O que é muito problemático, pois quem garante que o meu desejo de hoje será o mesmo de amanhã e de amanhã e de amanhã, até que a morte nos separe? Nosso desejo não é controlável pelo sujeito; claro que a gente o modifica, o orienta, o recusa, enfim, fazemos uma negociação com ele. É a condição de preservar alguma continuidade nas relações.

A traição, porém, é o destino lógico de qualquer relação, pois é muito raro que uma pessoa passe a vida inteira desejando aquela e tão somente aquela pessoa e vice-versa.

O desejo olha para o lado e o ideal seria que, apesar disso, eu volto meu olhar para você e escolho você novamente. É o desejo que se confirma, é a retomada da promessa feita. Assim se explicam os longos casamentos, feitos de crises, separações, reencontros…

Muitas vezes, fantasias sexuais até salvam casamentos

Muitas vezes, essas fantasias passam a ser um tempero a mais na relação do casal, muitas vezes elas passam a ser um terceiro que é colocado na cama do casal.

Lacan, psicanalista francês, dizia que não existe relação sexual e que a cama tem no mínimo quatro pessoas. Desejar, fantasiar não significa passar ao ato. Se isso acontecer, isto é, se passarem ao ato, as condições mudam: do campo imaginário passamos ao campo da realidade factual, com seus possíveis desdobramentos. Um deles é que essas duas pessoas dialoguem e decidam se mantêm a relação e tentam superar essa dor ou se rompem.

Outra possibilidade é que se estabeleçam em uma situação neurótica de sofrimento em que não consigam resolver nada a não ser ficarem presos a acusações e culpabilidade. Ou então, entrem em um modo vingança, no qual uma traição se paga com outra.

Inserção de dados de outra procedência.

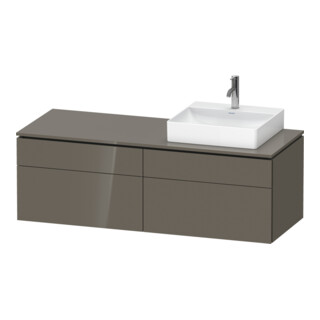 Duravit Meuble sous-lavabo L-Cube 142x55x48,2 cm, 2 tiroirs, wd, à droite, brillant
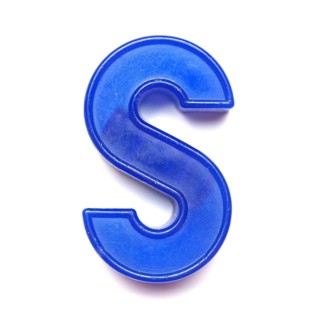 Magnetic uppercase letter S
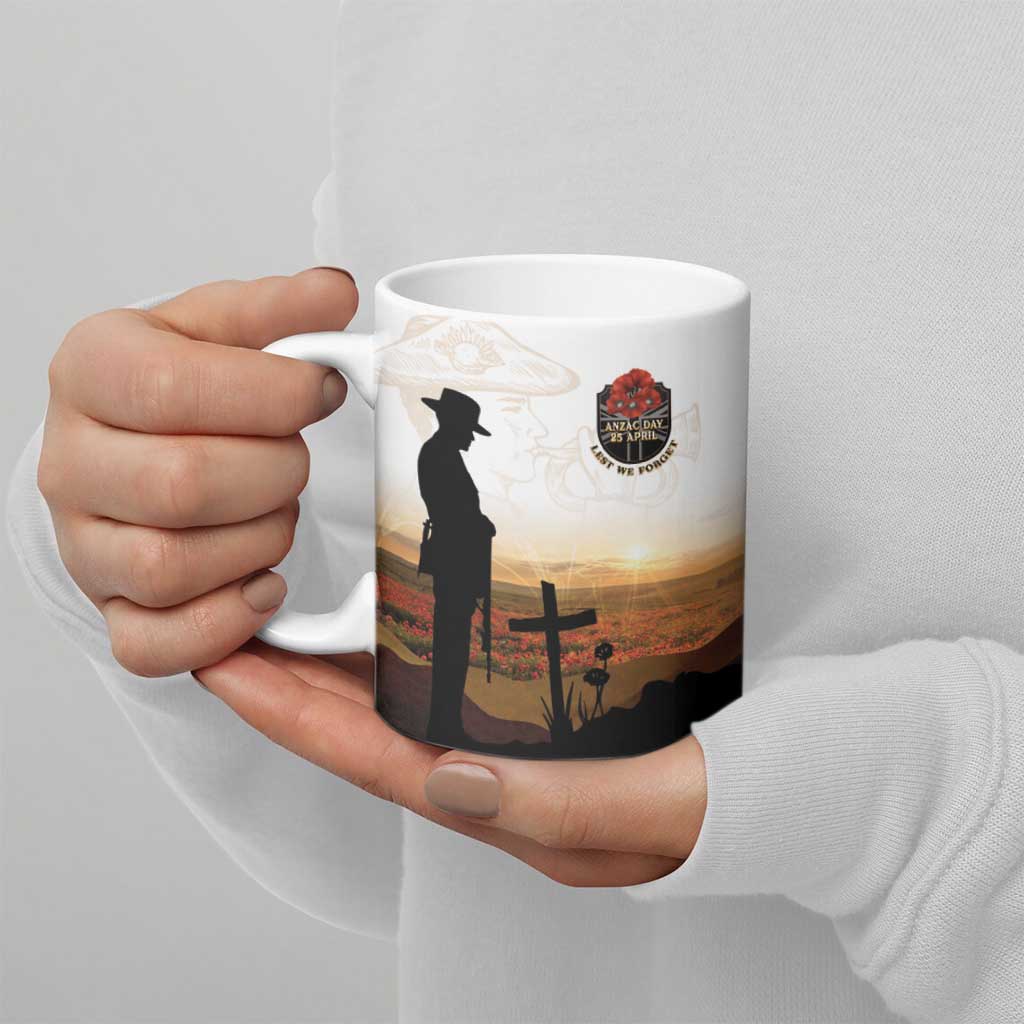 Australia And New Zealand ANZAC Day Ceramic Mug Battle Of Beersheba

As relações humanas têm a ver com a lógica do desejo, não a da norma, não a do certo e errado, não a da promessa. Somos seres de desejo. Ele é móvel e gera confusão nas vidas ou nas relações baseadas na norma do certo ou errado, no proibido.

Penso que a pergunta, se é traição ao companheiro ou companheira fantasiar, tem a ver com uma visão mais moralista ou religiosa do amor, baseado na norma. Mas o desejo, assim como a fantasia, fogem à norma.